Analogamente, per la corrente differenziale (8) avremo , avremo una tensione corrispondente alla differenza tra la tensione del motore con la corrente massima e a quello con la corrente minima. Per capire meglio possiamo analizzare il circuito con dei valori numerici: poniamo il polo positivo comune a 0V. Le tensioni sui vari poli negativi saranno così minori di 0 (numeri rossi nello schema 2). Dato che la maggior parte delle persone è più propensa a pensare con i valori di tensione positiva, trasformiamo il tutto in positivo aggiungendo a tutti i valori una tensione di 6V, pari al valore più negativo. Avremo così i valori marcati in blu nello schema 3.
A questo punto è chiaro che andranno in conduzione solamente i diodi al potenziale più alto e, rispettivamente, più basso, creando così una tensione sul voltometro corrispondente alla differenza tra i motori 3 e 4 (percorso giallo nello schema seguente).


Schema 3: dettaglio

Per finire alcuni dettagli: in parallelo ai 2 amperometri sono presenti 2 diodi zener, il cui scopo è semplicemente quello di proteggere i voltometri/amperometri in caso di sovratensioni.

Considerazioni finali

Grazie a questo sistema è possibile sorvegliare l'andamento della corrente nei motori in maniera diretta ed efficace. Nonostante alcuni difetti, primo tra tutti l'impossibilità di riconoscere immediatamente quale motore ha dei problemi, si è trattato per lunghi anni del metodo migliore per affrontare la problematica.
Un piccolo problema è però sempre in agguato: per funzionare correttamente, i due veicoli accoppiati devono avere la stessa taratura degli strumenti ((1), (3) e (5)) , altrimenti è chiaro che essi mostreranno sempre dei valori sbagliati. A titolo di esempio, gli NPZ hanno una scala diversa rispetto agli altri veicoli: il risultato è che se si utilizza un NPZ con un veicolo di comando BDt EWII (cosa praticata abitualmente sia in Ticino che altrove) non si potrà far affidamento a quanto riportato dagli amperometri in cabina di guida.

Al giorno d'oggi, questa problematica non esiste praticamente più.

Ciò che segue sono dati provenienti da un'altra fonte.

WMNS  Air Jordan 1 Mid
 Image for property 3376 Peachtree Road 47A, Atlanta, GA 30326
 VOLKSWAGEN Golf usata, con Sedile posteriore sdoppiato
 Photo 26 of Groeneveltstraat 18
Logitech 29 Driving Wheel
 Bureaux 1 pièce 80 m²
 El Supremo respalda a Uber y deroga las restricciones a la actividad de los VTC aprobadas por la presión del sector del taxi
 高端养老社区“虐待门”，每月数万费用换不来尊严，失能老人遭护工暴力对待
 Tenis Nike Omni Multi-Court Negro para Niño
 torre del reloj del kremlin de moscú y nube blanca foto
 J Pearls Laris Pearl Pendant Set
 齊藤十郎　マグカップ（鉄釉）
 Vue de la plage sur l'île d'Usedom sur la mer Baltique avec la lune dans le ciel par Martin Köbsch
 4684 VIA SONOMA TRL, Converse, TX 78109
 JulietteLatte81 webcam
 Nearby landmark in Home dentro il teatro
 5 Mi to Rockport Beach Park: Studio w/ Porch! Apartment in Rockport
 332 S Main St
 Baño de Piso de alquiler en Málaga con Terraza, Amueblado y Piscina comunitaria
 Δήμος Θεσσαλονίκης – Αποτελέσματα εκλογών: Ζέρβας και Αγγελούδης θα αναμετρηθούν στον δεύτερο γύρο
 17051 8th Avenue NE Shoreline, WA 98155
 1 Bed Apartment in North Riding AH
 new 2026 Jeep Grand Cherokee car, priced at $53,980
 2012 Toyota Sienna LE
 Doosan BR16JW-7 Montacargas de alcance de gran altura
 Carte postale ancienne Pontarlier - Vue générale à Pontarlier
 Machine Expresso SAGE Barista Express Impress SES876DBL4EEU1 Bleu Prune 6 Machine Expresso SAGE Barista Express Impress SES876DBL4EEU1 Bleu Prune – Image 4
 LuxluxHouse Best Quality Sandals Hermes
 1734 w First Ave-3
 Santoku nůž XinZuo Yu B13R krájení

Infatti, sui veicoli moderni, tutte le informazioni vengono trasmesse in digitale sul bus del treno ed è quindi molto semplice programmare direttamente via software tutte le operazioni desiderate. Inoltre, al macchinista non interessa praticamente più conoscere il valore istantaneo della corrente nei motori in quanto tutta la trazione è gestita in automatico della centralina.